# What are the quantum numbers of carbon?

Mar 30, 2018

$n = 2$, $l = 0 , 1$, ${m}_{l} = - 1 , 0 , 1$, ${m}_{s} = \setminus \pm \frac{1}{2}$

#### Explanation:

Carbon (atomic number $6$) can be found in the second row of the periodic table; at the ground state, the six electrons occupy two of its principle energy levels, giving the electron with the highest energy a principal quantum number $n$ of $2$.

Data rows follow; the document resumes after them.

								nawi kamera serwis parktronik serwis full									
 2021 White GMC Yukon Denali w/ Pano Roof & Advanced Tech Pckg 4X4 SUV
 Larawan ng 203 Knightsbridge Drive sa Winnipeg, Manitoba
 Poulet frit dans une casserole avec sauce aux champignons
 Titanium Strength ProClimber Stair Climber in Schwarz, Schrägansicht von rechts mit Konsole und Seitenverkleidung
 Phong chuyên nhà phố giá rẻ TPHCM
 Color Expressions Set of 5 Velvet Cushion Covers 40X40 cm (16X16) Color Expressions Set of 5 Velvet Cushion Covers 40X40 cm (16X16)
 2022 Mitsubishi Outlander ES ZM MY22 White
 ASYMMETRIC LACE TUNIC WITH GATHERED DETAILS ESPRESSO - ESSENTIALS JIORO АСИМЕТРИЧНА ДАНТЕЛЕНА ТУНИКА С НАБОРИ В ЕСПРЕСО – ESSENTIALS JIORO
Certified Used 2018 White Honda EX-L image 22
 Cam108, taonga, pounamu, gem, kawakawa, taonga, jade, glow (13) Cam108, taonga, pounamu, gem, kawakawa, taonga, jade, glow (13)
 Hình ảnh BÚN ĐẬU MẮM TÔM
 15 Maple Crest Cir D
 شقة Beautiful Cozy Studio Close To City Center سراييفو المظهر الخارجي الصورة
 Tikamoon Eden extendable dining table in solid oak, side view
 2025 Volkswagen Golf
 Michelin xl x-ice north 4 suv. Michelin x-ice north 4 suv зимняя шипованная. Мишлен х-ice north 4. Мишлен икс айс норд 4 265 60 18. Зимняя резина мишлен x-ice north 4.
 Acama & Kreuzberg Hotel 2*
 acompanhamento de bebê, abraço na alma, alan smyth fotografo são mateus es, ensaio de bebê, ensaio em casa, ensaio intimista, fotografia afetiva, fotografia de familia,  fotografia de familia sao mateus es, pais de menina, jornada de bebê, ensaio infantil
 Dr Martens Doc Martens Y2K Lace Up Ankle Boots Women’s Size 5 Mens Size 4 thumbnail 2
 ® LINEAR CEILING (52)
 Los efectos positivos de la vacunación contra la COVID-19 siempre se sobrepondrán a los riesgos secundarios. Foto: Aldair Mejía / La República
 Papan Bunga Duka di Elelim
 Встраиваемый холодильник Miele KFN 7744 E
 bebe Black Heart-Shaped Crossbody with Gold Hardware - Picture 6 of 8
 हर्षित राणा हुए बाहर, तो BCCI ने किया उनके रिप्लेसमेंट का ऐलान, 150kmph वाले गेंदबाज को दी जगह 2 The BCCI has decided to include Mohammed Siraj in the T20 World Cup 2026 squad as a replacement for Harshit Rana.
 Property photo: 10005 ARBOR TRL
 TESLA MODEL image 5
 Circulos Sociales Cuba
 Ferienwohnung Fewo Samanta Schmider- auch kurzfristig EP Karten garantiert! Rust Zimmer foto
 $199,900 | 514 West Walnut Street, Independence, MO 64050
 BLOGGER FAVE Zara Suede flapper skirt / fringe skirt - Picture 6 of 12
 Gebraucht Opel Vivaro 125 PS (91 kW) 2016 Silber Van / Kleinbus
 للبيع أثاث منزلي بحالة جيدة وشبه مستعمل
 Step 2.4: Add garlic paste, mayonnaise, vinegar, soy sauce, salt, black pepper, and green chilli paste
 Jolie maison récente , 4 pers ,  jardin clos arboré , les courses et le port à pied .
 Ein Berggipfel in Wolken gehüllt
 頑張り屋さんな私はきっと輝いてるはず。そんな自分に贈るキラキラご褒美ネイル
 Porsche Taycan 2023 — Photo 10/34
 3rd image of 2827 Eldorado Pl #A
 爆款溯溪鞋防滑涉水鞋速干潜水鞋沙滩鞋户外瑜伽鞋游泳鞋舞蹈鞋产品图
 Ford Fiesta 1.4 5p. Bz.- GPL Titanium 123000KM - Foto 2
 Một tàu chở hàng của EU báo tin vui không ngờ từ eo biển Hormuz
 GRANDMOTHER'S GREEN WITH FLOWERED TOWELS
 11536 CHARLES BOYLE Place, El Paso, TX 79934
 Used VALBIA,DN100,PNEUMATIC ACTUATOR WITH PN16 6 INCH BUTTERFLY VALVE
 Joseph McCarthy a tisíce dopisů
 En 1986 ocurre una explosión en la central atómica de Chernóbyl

$l = 0 , 1 , 2 , \ldots , \left(n - 1\right)$ where $n$ the principal quantum number. 
Electrons fill both $\text{s}$ and $\text{p}$ orbitals in a ground-state carbon atom; which correspond to orbital angular momentum numbers (Azimuthal quantum number) $l = 0$ and $l = 1$. ${m}_{l} = - l , - l + 1 , - l + 2 , \ldots , - 1 , 0 , 1 , \ldots , l - 2 , l - 1 , l$ 
giving magnetic quantum numbers ${m}_{l}$ values of $- 1 , 0 , 1$ which corresponds to the three $2 \text{p}$ orbital in a carbon atom.

${m}_{s} \frac{=}{\pm} \frac{1}{2}$, a property of electrons independent of the atom in question.